What the task requires ▸ This exercise calls for retyping every line below exactly, with the images omitted.

Extracted entries ▸
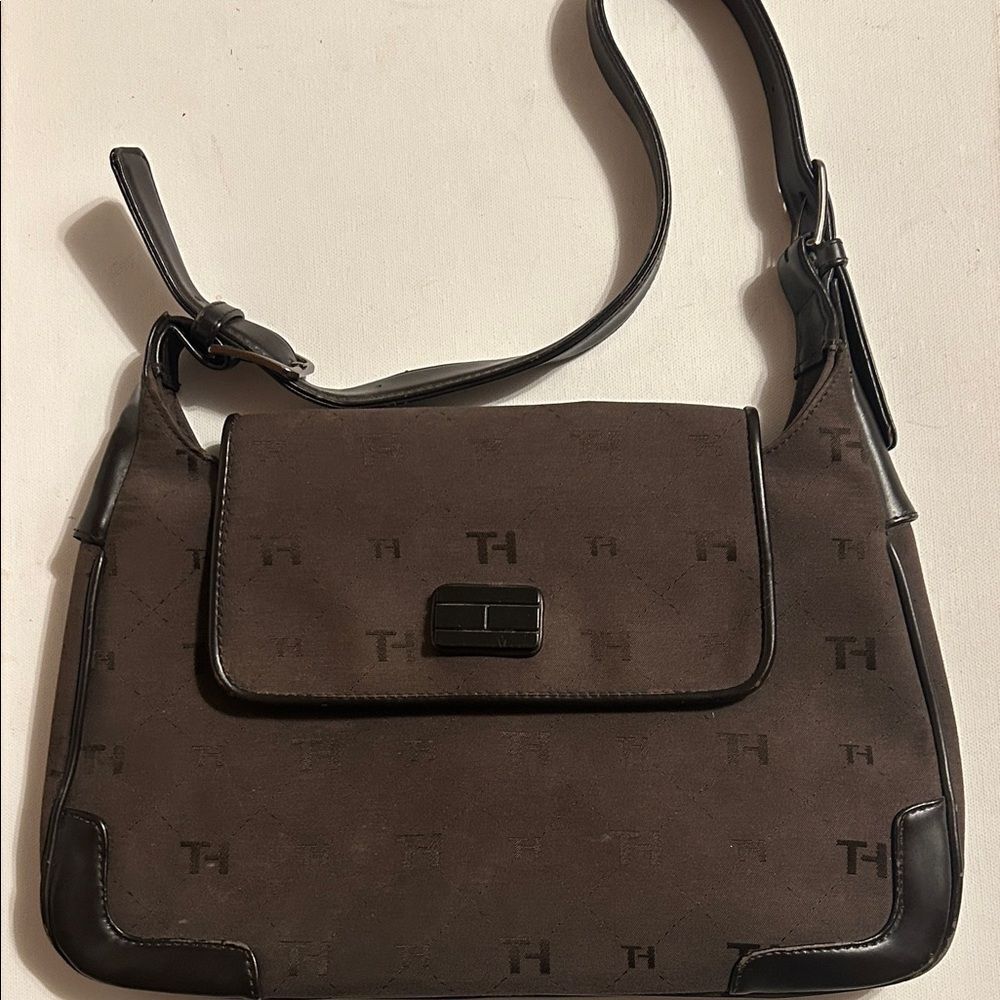 Tommy Hilfiger Black Shoulder Bag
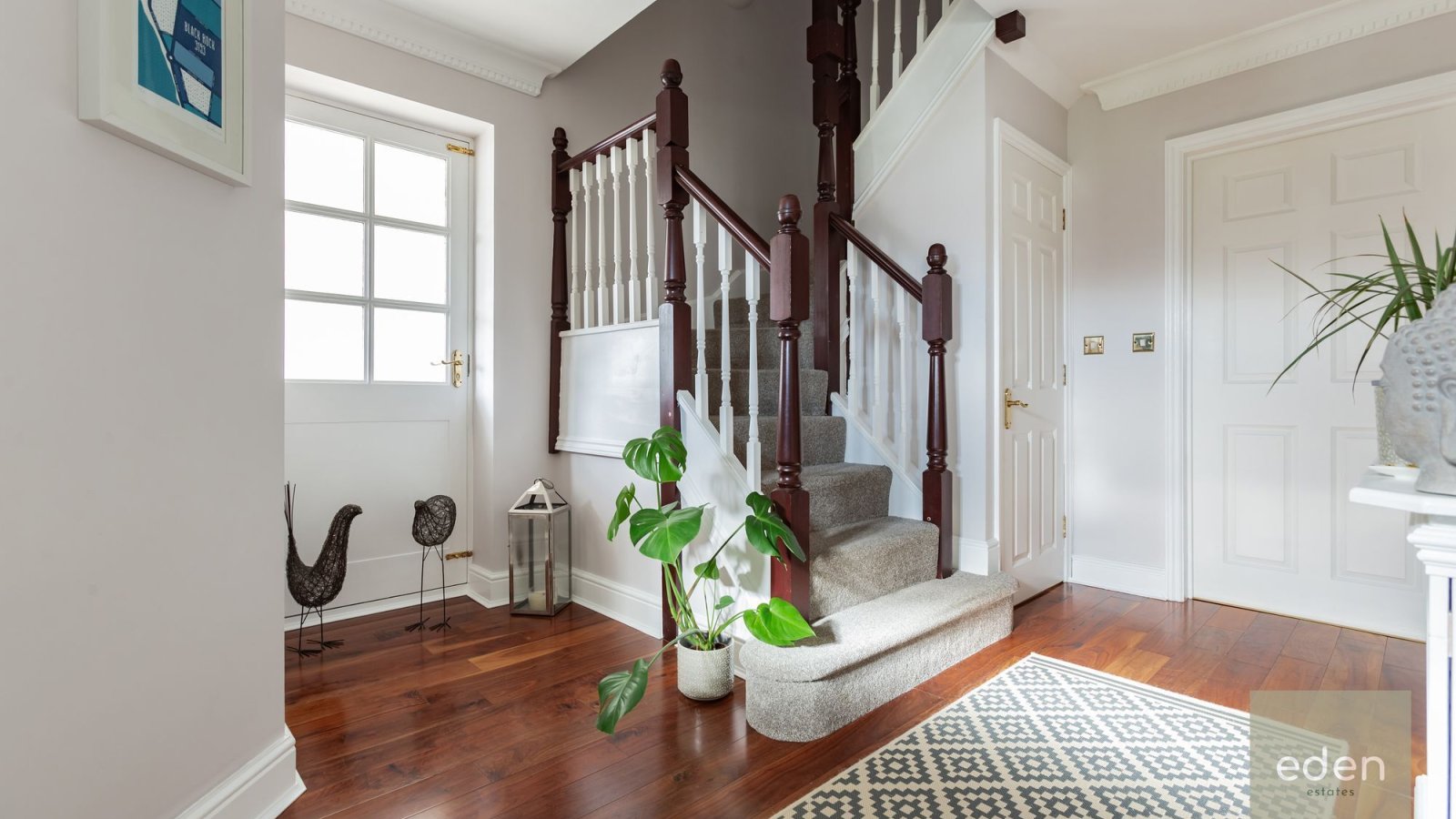 5 bedroom property for sale in Maypole Drive, Kings Hill, ME19 Guide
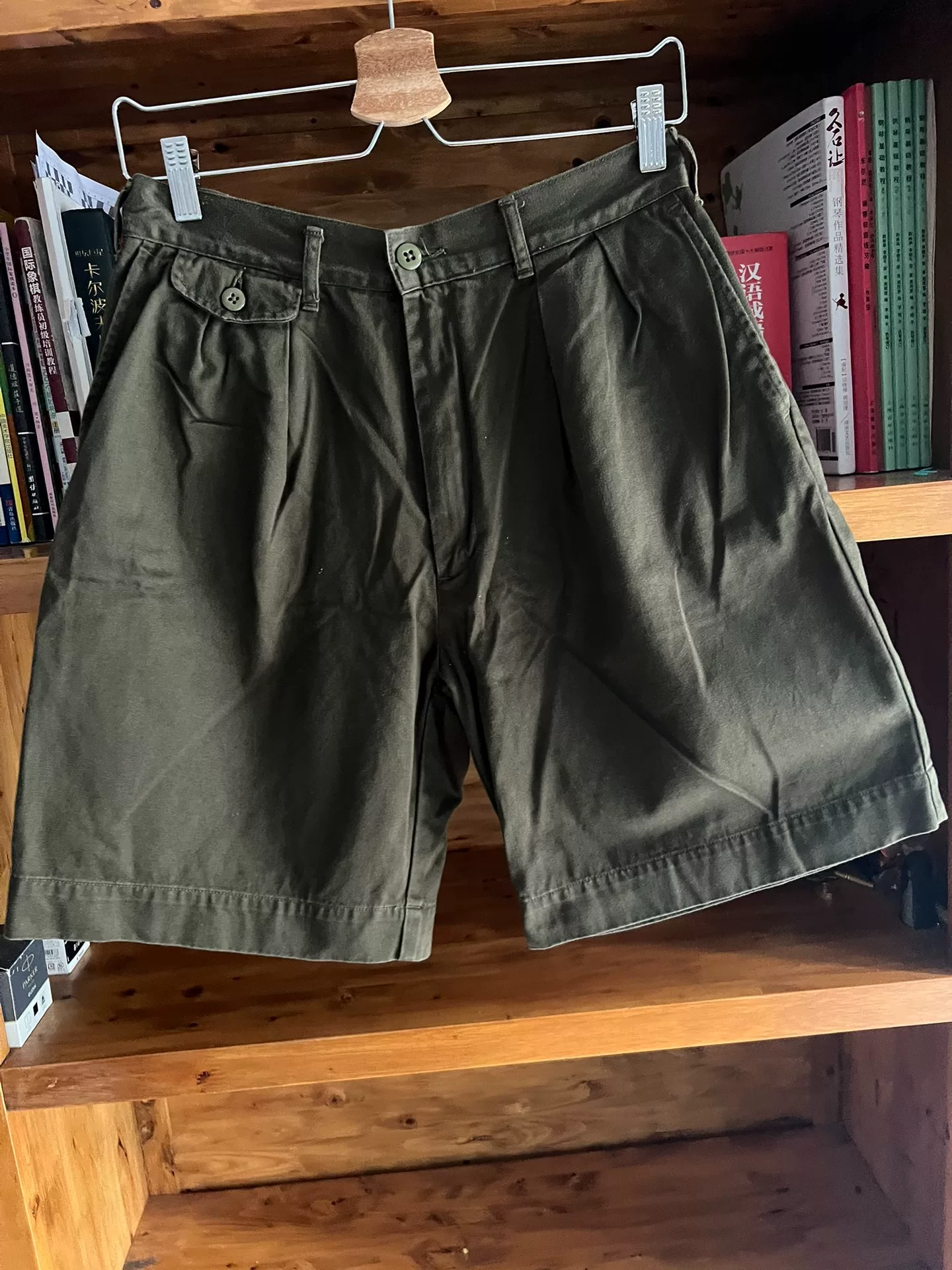 Barns Authentic Japanese Olive Casual Shorts — front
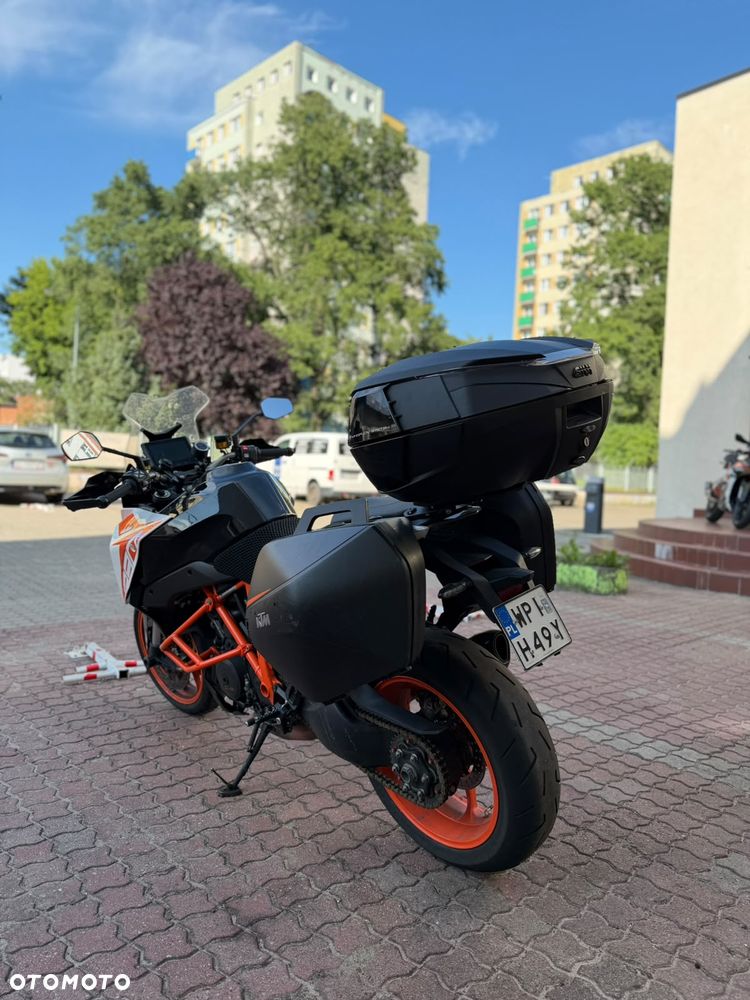 KTM Super Duke - 4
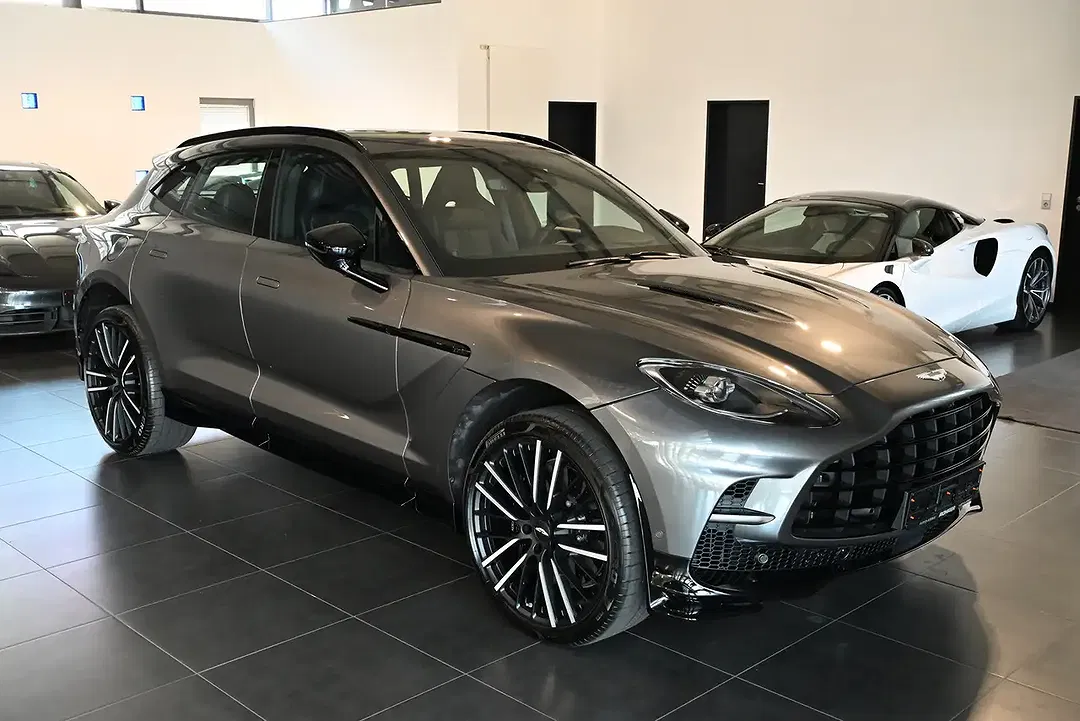 Aston Martin DBX 707 - foto 2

Expected answer ▸
 Tommy Hilfiger Black Shoulder Bag
 5 bedroom property for sale in Maypole Drive, Kings Hill, ME19 Guide
 Barns Authentic Japanese Olive Casual Shorts — front
 KTM Super Duke - 4
 Aston Martin DBX 707 - foto 2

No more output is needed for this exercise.